I do not claim that wikipedia could replace valid research. However, it is probably the best encyclopedia that ever existed and a living proof of the power of crowd-knowledge. I would strongly recommend it as a starting point for every student research project, since it includes the most basic information on most subjects. I would also recommend using it during my lectures, so that the students may be able to find more information on dates, events, places and people. Wikipedia is a great tool for interactive teaching.

What do you think?

Economic historian and numismatic consultant


  1. In a word, Jein. It’s pretty good for very basic factual information, such as the regnal dates of Trajan, which is the sort of stuff I can never be bothered to remember.
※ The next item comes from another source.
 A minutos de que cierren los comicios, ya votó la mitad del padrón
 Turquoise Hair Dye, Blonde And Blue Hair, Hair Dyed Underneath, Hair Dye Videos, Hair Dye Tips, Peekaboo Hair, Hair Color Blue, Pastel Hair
It’s generally okay for marginally less basic factual information, so long as the subject hasn’t changed too much since the 1911 Encyclopedia Britannica, unless one is lucky enough to hit on a topic that someone like you has updated. I don’t think it’s a good starting-point for student research projects, unless they know absolutely nothing about a topic, precisely because – as you say – it is frequently pretty hopeless on current debates and research questions. That can be a serious problem, if the student then assumes that the way Wikipedia organises its discussion of a topic is the right way to think about it. I’ve used it in my teaching on many occasions, setting students to revise Wikipedia entries on a topic as an assessed exercise, and what strikes me is how often they make changes to individual sentences and expand discussions with more examples but retain the basic structure of topics, even if these make no logical sense and clearly don’t mesh with the way the topic is discussed in more up-to-date books. Because the structure is so clear (esp. compared with articles and books), it shapes their thinking and sets down tramlines along which all their subsequent research runs, and that is potentially bad.
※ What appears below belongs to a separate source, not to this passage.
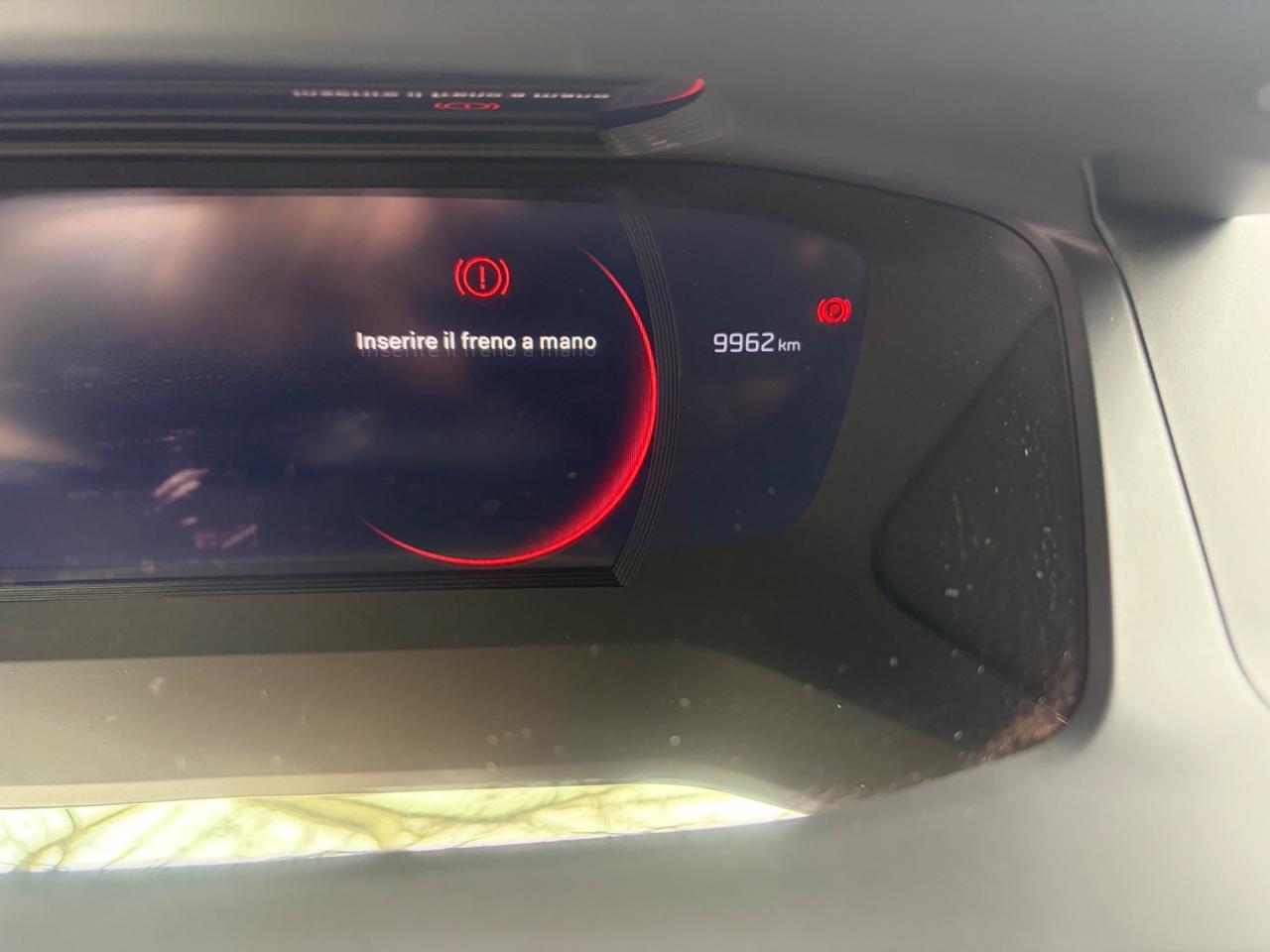 Peugeot 2008 Hybrid GT Exclusive 2025 INCIDENTATA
    I also suspect that we are lucky that most of the things we study are of little interest to the wider world, and certainly are not embroiled in major controversy; there is plenty of evidence that the Wikipedia entries on more controversial things can be very problematic – see this discussion, and the links: http://crookedtimber.org/2013/03/27/the-institute-for-cultural-diplomacy/. I don’t think I would be very confident about the reliability of the entry on Macedonia and its Greek identity, for example.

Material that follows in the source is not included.